Quand, à la fin d'avril, son oncle lui annonça que le médecin autorisait enfin leur départ, elle demeura anéantie.

—Que crains-tu? demanda M. de Chambrais, se méprenant sur la cause de son émotion.

—Je ne crains rien.

—Je t'assure que tu es aussi fraîche que l'année dernière à pareille époque; à vrai-dire même, tu es peut-être en meilleure santé, fortifiée par ce bon air de la mer; personne en te voyant ne pourra avoir le plus léger soupçon.

—Si vous trouvez que cet air est si bon, pourquoi partir?

—L'été va rendre le pays inhabitable: et d'ailleurs une plus longue absence serait impossible à expliquer, elle n'a que trop duré.

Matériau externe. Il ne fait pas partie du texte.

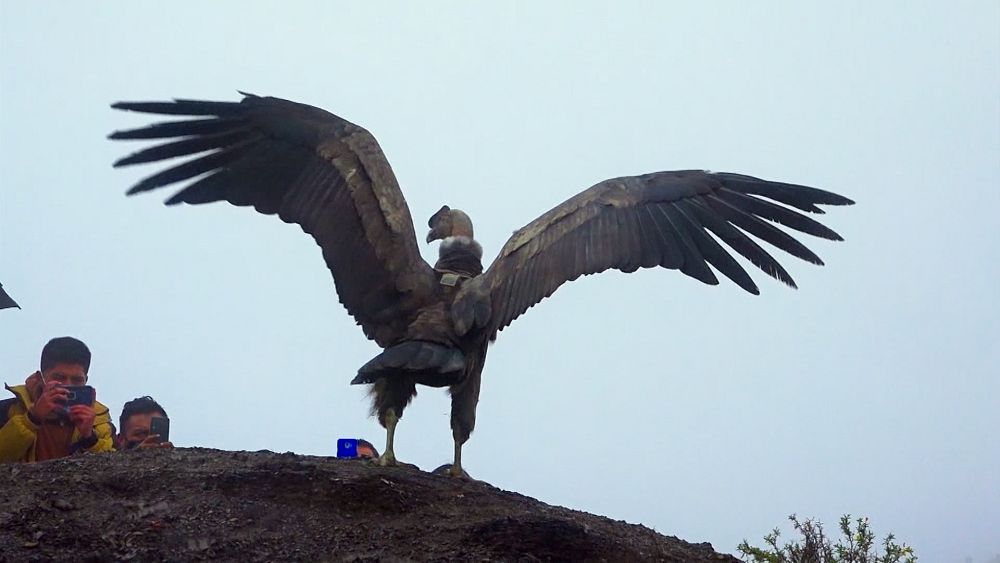 bolivia-releases-condor-into-andean-region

Je comprends que décidément j'ai eu tort de te laisser voir cette petite tous les jours. Ne me fais pas repentir de ma faiblesse. Si la nourrice l'avait enlevée le premier jour, comme il était convenu, tu accepterais aujourd'hui notre départ sans penser à le retarder.

—C'est vrai; à ce moment, je le trouvais jusqu'à un certain point naturel, aujourd'hui, il me paraît impossible.

—Impossible?

—A ce moment, cette enfant ne représentait pour moi qu'un sentiment confus, aujourd'hui elle est ma fille.

—Dis qu'elle est celle de ce misérable.